Your goal. Only the pictures are to be dropped; the rest of the data below is to be duplicated exactly.

---------- Supplied records ----------

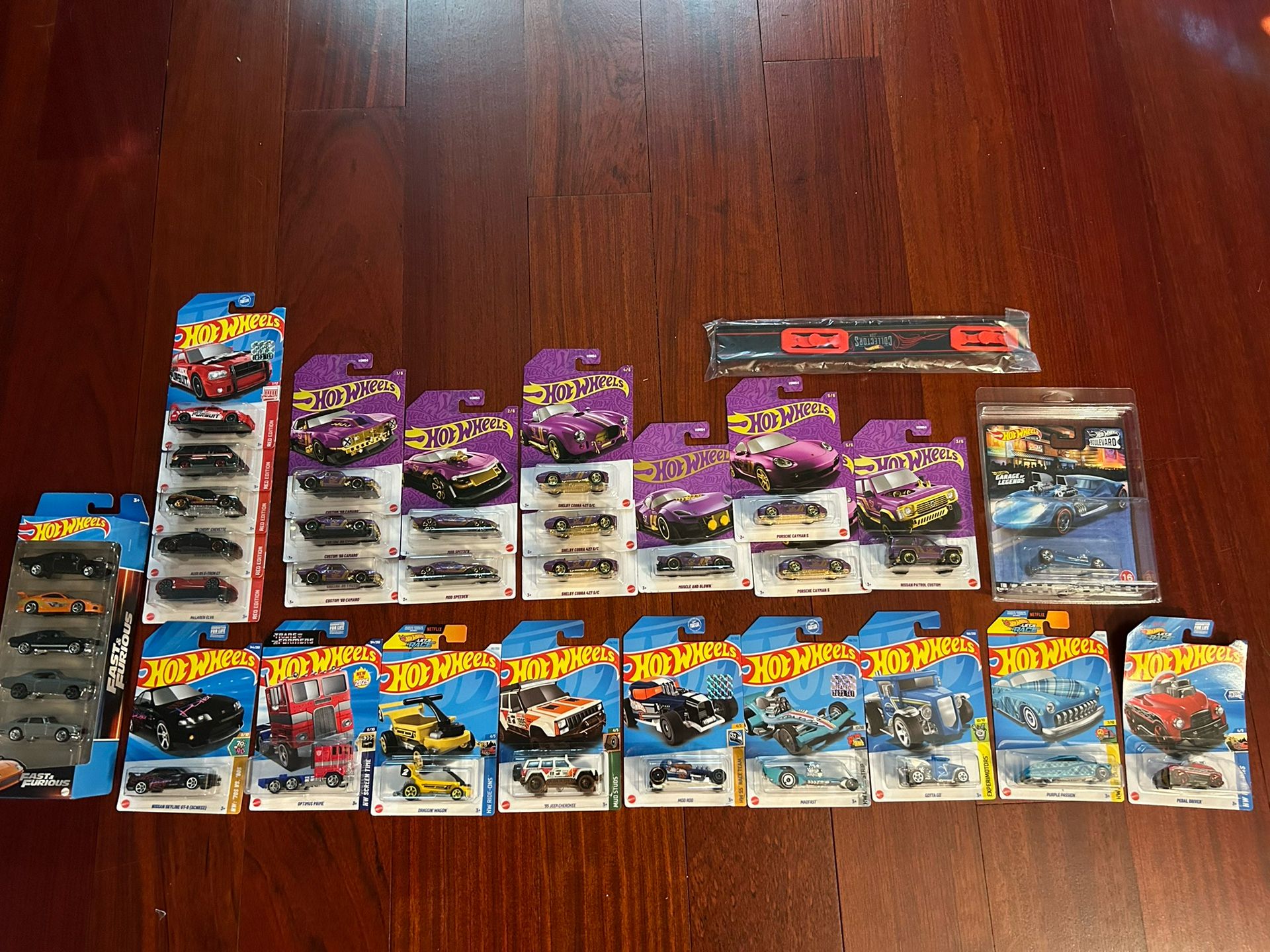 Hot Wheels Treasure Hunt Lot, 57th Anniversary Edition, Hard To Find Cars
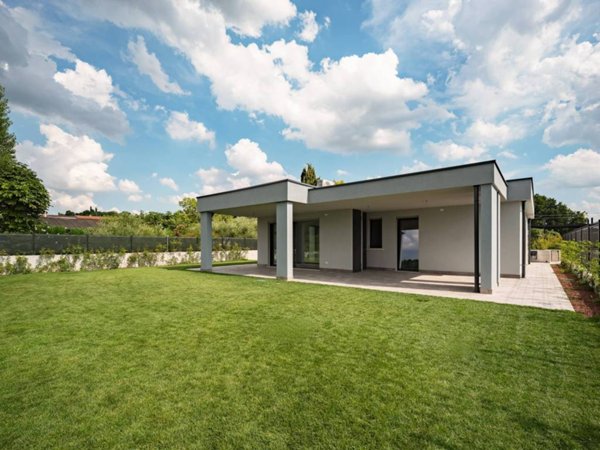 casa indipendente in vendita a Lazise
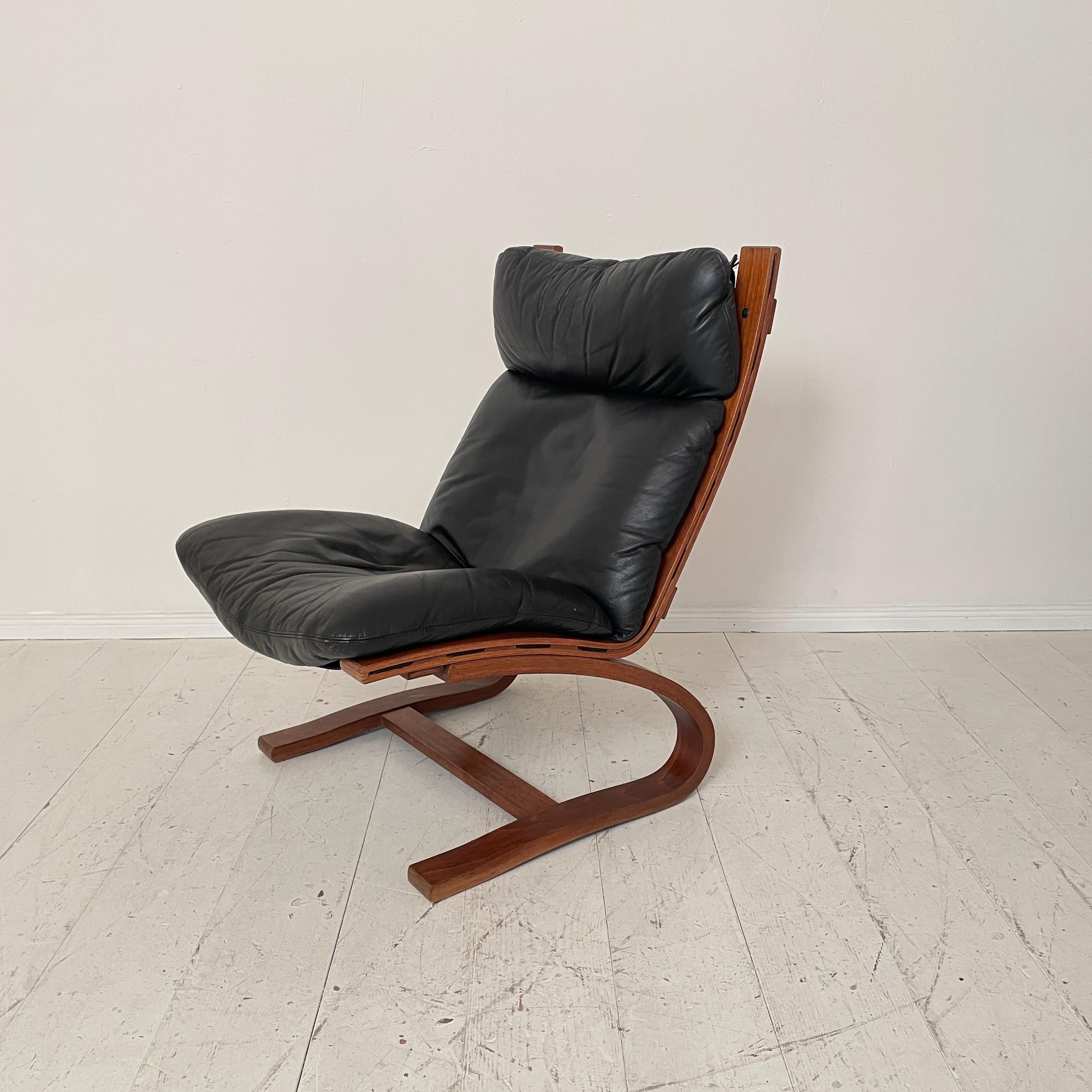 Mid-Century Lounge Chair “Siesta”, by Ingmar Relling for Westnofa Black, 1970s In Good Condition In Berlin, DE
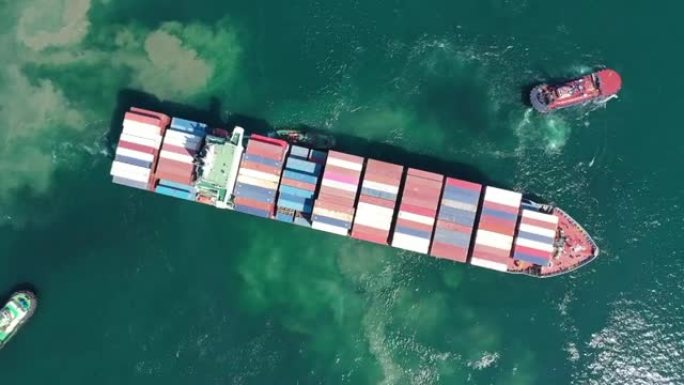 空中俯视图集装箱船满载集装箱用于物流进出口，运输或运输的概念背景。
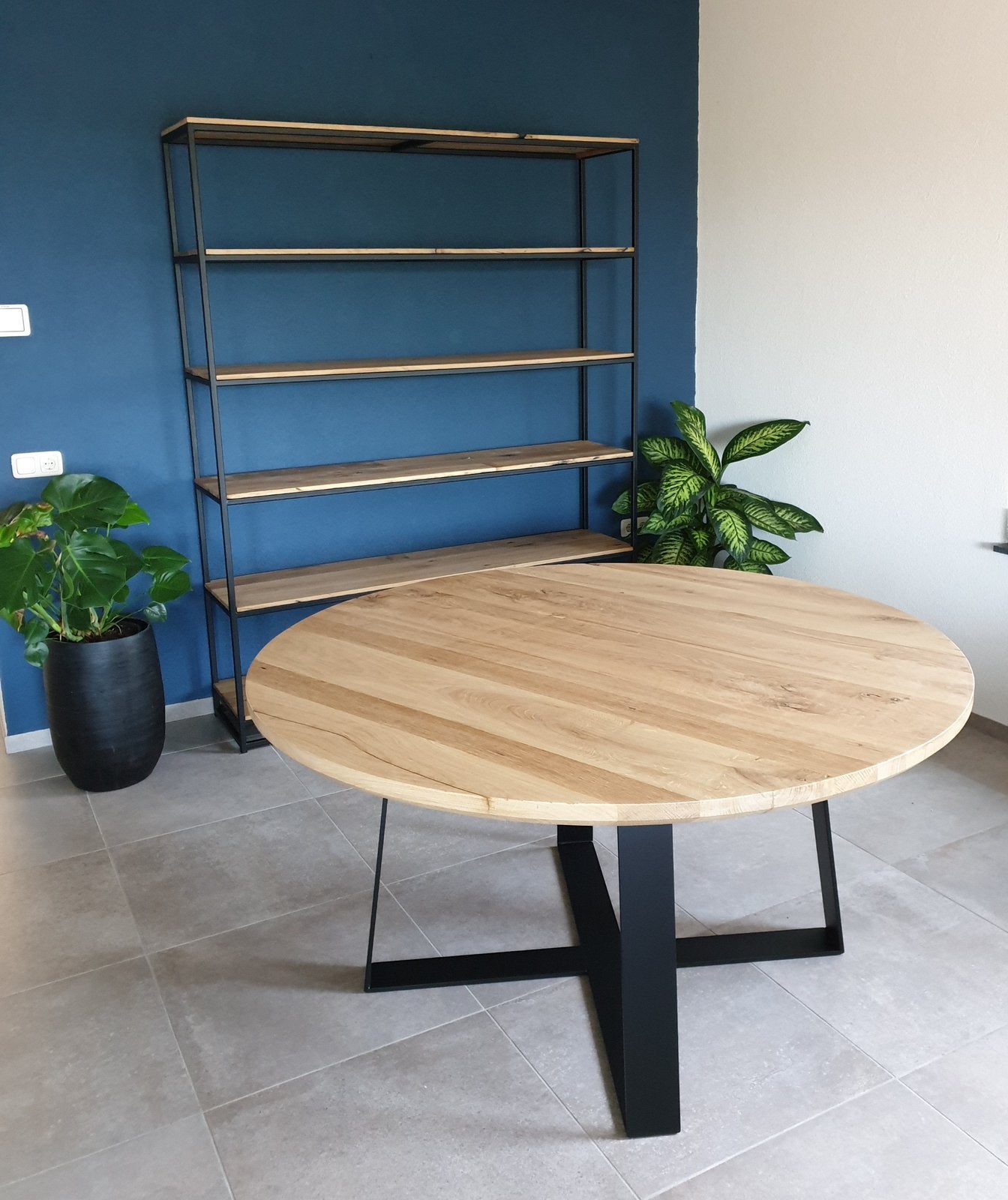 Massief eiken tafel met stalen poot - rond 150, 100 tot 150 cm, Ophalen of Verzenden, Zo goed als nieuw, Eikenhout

----------

Output below.
 Hot Wheels Treasure Hunt Lot, 57th Anniversary Edition, Hard To Find Cars
 casa indipendente in vendita a Lazise
 Mid-Century Lounge Chair “Siesta”, by Ingmar Relling for Westnofa Black, 1970s In Good Condition In Berlin, DE
 空中俯视图集装箱船满载集装箱用于物流进出口，运输或运输的概念背景。
 Massief eiken tafel met stalen poot - rond 150, 100 tot 150 cm, Ophalen of Verzenden, Zo goed als nieuw, Eikenhout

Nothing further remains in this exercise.